Если вы будете в Мариенвердере и в Нейенбурге, вспомните обо мне, друзья! Оба города лежат на берегах Вислы самым живописным образом один против другого. Необозримые пажити, светлые рощи, богатые луга, множество селений и городков на высоких берегах величественной прелестной реки... как жаль, что я не живописец! Мариенвердер богат хорошими сливами и грушами и миленькими девушками. Добрые друзья, ежели будете в Мариенвердере, купите себе груш и слив и поцелуйте хотя одну красавицу в мое воспоминание!
Письмо XIV
(отрывок из путешествия)
15 (27) октября 1820-го года
дорогою между Герцбергом и Грозенгайном.
Мы оставили Берлин и Пруссию; сообщаю вам, друзья, некоторые об них воспоминания.
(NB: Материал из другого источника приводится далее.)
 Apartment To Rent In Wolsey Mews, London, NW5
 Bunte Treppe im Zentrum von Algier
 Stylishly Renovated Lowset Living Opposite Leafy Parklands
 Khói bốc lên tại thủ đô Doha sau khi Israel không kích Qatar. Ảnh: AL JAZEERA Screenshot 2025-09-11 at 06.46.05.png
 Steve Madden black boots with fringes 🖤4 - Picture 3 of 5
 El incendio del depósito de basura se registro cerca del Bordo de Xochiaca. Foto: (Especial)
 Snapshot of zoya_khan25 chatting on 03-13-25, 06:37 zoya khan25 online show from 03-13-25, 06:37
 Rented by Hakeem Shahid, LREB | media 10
Вечером в мою бытность в Потсдаме я отправился полубольной в гарнизонную церковь; вхожу в великолепный храм, выбитый алым бархатом: скудное мерцание наших свеч разделяло царствующий мрак на огромные тени, между коими изредка лоснились темно-багровые обои и сияла потускневшая позолота; молчание прерывалось нашими шагами и глухим отголоском здания; когда мы останавливались и умолкали, безмолвие возрастало и было тяжеле и печальнее. Здесь похоронен великий Фридерих; а возле него лежит в богатом мраморном мавзолее отец его: смерть помирила их![12] Сам он в простом гробе с свинцовою обшивкою: он даже не хотел, чтобы бальзамировали его.
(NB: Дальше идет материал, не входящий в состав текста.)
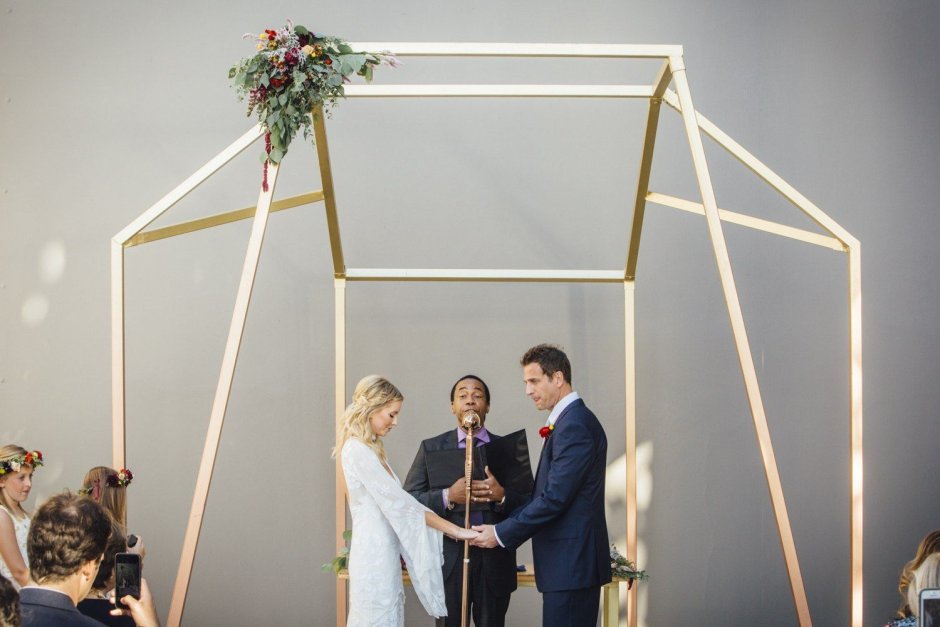 Треугольная арка на свадьбу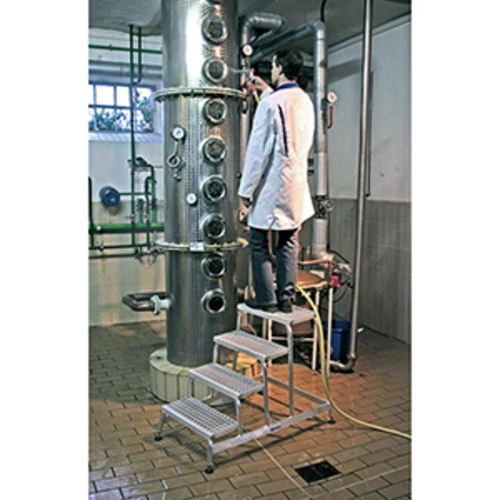 Alumínium munkaállvány, 1 lépcsős, emelvény magasság 200 mm, alapterület SZxM 570x360 mm, felső felület 520x305 mm, súly 2,5 kg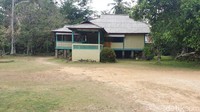 Sudah jarang bangunan atau rumah asli Melayu di Pulau Karimunbesar. Rumah ini diambil di Pulau Papan (Foto: Ahmad Masaul Khoiri/detikcom)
В Берлине я между прочим посетил фарфоровую фабрику. Механические работы, махины, горны и проч., предметы для многих очень занимательные, не только не возбуждают во мне любопытства, они для меня отвратительны; посему иногда по природной мне уступчивости бываю в обществе других в мастерских и фабриках; но нечистота и духота, господствующие в них, стесняют, стук оглушает меня, пыль приводит в отчаяние, а сравнение ничтожных, но столь тяжелых трудов человеческих с бессмертными усилиями Природы будит во мне какое-то смутное негодование. Только тогда чувствую себя счастливым, когда могу вырваться и бежать под защиту высокого, свободного неба; чувствую себя счастливым даже под завываньем бурь и грохотом грома: он оглушает меня, но своими полными звуками возвышает душу. С любезным для меня семейством Шадовых я был в новом берлинском театре; здесь огромный, светлый концертный зал расширил сердце мое: я вдруг почувствовал себя веселее. Это один из прелестнейших залов, мною виденных. Воскресенье 10(22) числа я был с Лаппенбергом[13] в доме одного банкира из Гамбурга и слушал прелестное: Requiem. Пели любители, в числе их поразил меня сын банкира Авраама Мендельсона: он приехал с отцом из Парижа и, будучи мальчиком 15 лет, чудным своим музыкальным талантом успел уже прославиться. Никогда я не видывал столь совершенного красавца: его черные локоны в природной свободе упали до половины спины, шея и грудь белые, как снег, были открыты; черные полуденные глаза горели и возвещали будущего победителя душ! Уста небольшие, розовые казались созданными для поцелуев; в его голосе вылетало сердце, узнавшее и чувствующее более, нежели обыкновенно знают и чувствуют в его возрасте. Между прочими любителями находился друг Шиллера Кернер, отец бессмертного юноши, героя, поэта, мученика.[14]
Мои прогулки с Лаппенбергом в зверинце и в саду замка Бельвю для меня всегда останутся памятными: мы часто разговаривали с ним об России, об российской истории и об языке русском; он человек умный, ученый, рассудительный, одаренный вполне трудолюбием своего народа и рвением расширить область своего знания. Нередко мы ходили до усталости по огромному зверинцу, несколько уже развенчанному рукою осени; воспоминали время минувшее и дивились огромным следам и развалинам, которые оно повсюду оставило в полете своем; листья шумели под ногами или будили тишину внезапным падением. Мы останавливались; глядели на купы зеленых, синих, пунсовых дерев и почти пугались, когда вдруг открывали сквозь ветви вид или дорогу там, где еще вчера все для нас было завешано листьями. Так в течении времени испытатель в боязливом изумлении иногда усматривает связь и родство между такими предметами мира, которые до того считались совершенно один другому чуждыми.